<ドイツ東部の州議会選で極右AfDが歴史的勝利。今後の動きは日本にとっても他人事ではない、とマライ・メントライン氏は指摘する>
ドイツ東部ザクセン・アンハルト州の州議会選挙で、極右政党ドイツのための選択肢(AfD)が得票率43.8%で予想どおり大勝した。直前の世論調査でも支持率40%を超え、伝統的な保守政党キリスト教民主同盟(CDU)を大きく引き離していたので、青天の霹靂という結果ではない。それでも、戦後ドイツで極右と公式に認定された政党がここまで来た事実は重い。
移民、治安、SNS、旧東独圏特有の政治不信など理由はいくつもある。しかしその根底にあるのは「既存政党に任せていても、どうも生活も国も良くならない」という疲労感だろう。ザクセン・アンハルトでは、自分の暮らし向きに比べ、州全体の経済への評価が厳しい。経済はコロナ禍以降の長い不調から抜け切れず、化学産業など基幹産業も揺れている。
CDUや社会民主党(SPD)は何年もこの状況に直面しながら、状況を改善させた実感がない。そうなると「AfDが好きだから」だけでなく「ほかの党が絶対的に駄目だから」という消極的支持も生まれる。だが問題はここからだ。
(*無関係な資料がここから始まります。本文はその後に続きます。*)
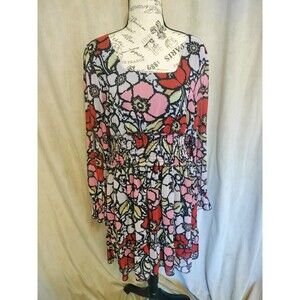 NWOT! Women's ONLY Long Sleeve Elasticized Waist Abstract Floral Dress. Size XL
AfDは「現状批判」の経験は豊富だが、実際に州政府を運営した経験はない。つまり「政権ノウハウ」はほぼない。そのため仮に州政権を握れば、2つの展開が考えられる。1つは、いざ役所を動かそうとすると法律や予算、連邦制度、行政実務という壁にぶつかり、ほとんど動けないパターン。
もう1つは逆に、支持者の期待に応えようと強引に政策を進め、社会の混乱と分断を深めるパターンだ。実際、AfDは「100日プラン」で、移民強制送還の拡大、難民申請者への労働義務、公共放送制度からの離脱、学校での虹色旗禁止などを掲げている。なるほど、政治的メッセージとしては非常に分かりやすい。問題は、それで州の経済が強くなるのか、である。